To bolster his argument, the district attorney points to statistics compiled by the Police Department.

In 2018, Krasner’s first year, the city’s overall violent-crime tally — which counts homicides, rapes, robberies, and aggravated assaults — was 5 percent lower than the year before, the statistics show. That number has decreased every year since 2015, the statistics show, even as homicides have risen.

Through last Sunday, the number of violent crimes in 2019 was up about 2 percent compared with the same point last year. Still, Krasner said the statistical portrait of crime in Philadelphia is often absent when his detractors take aim.

“It doesn’t fit their narrative,” he said, “so they’re not going to say it.”

As the city has grappled with a surge in gun crimes, the police also have been solving fewer of them.

According to police statistics, the “clearance rate” for homicides — the proportion of cases considered cleared by arrest or other means — has not exceeded 52 percent since 2014. The clearance rate for shootings is worse, failing to top 30 percent in each of the last five years — meaning thousands of shootings have resulted in no arrests.

Ross on Friday acknowledged that a failure to solve shootings and killings can “absolutely” contribute to ongoing violence, because shooters who remain on the street can either feel emboldened to shoot again or become a target for retaliation.
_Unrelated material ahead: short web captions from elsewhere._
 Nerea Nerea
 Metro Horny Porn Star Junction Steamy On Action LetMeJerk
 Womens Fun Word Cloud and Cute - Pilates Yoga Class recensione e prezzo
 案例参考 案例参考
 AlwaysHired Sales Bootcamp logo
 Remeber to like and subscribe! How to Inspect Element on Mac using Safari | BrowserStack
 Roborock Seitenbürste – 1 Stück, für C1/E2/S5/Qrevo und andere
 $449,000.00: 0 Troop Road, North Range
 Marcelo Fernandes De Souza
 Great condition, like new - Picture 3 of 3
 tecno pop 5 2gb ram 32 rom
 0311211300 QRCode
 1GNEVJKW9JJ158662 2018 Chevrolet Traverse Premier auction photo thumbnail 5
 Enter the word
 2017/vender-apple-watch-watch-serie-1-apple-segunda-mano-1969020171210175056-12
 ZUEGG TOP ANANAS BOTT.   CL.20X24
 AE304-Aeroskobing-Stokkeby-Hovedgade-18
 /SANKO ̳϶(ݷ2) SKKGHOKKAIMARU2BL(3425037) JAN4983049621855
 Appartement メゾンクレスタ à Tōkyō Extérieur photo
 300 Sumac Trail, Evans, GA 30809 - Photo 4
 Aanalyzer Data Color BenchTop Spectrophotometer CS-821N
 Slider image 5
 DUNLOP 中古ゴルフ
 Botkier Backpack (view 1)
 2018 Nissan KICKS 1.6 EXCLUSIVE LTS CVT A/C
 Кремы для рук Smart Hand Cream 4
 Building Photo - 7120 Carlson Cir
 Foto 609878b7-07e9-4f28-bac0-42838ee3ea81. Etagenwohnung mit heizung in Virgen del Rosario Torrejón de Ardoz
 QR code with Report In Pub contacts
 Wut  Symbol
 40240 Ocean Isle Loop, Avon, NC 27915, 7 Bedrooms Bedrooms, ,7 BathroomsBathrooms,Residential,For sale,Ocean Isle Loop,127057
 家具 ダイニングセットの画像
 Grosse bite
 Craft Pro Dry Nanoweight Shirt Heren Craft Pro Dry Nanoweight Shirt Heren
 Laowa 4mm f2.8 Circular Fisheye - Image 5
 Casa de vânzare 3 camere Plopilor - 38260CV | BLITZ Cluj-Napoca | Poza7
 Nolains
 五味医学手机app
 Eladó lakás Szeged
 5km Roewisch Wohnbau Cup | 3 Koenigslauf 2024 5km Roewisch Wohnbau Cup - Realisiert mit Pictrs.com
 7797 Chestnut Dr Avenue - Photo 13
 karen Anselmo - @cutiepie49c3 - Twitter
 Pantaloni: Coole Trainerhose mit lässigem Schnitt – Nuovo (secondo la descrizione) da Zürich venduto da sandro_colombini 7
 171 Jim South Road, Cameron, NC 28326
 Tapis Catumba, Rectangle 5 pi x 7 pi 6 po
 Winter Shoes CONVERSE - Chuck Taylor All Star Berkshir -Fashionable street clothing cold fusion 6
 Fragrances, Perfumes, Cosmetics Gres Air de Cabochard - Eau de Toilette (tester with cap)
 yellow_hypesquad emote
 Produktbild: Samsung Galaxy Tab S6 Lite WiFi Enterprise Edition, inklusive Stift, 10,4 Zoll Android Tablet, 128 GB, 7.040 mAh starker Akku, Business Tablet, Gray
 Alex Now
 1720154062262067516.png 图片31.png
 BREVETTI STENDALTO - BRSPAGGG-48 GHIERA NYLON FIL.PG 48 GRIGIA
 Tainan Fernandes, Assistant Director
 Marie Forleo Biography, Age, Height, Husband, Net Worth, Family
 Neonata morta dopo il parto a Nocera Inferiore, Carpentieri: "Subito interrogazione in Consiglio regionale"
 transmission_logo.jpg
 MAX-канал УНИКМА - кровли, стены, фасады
Some Krasner critics say he has not helped matters by abandoning GunStat, a violence-reduction program initiated under former District Attorney Seth Williams in which prosecutors and police tracked offenders, shared intelligence, and focused on certain crime hot spots.

Krasner has said he believes that crime is a structural issue and that seeking to turn the tide will involve combating problems including the city’s poverty levels, struggling schools, and high levels of incarceration.

Still, he said the ongoing gun violence in the city “keeps me up at night.”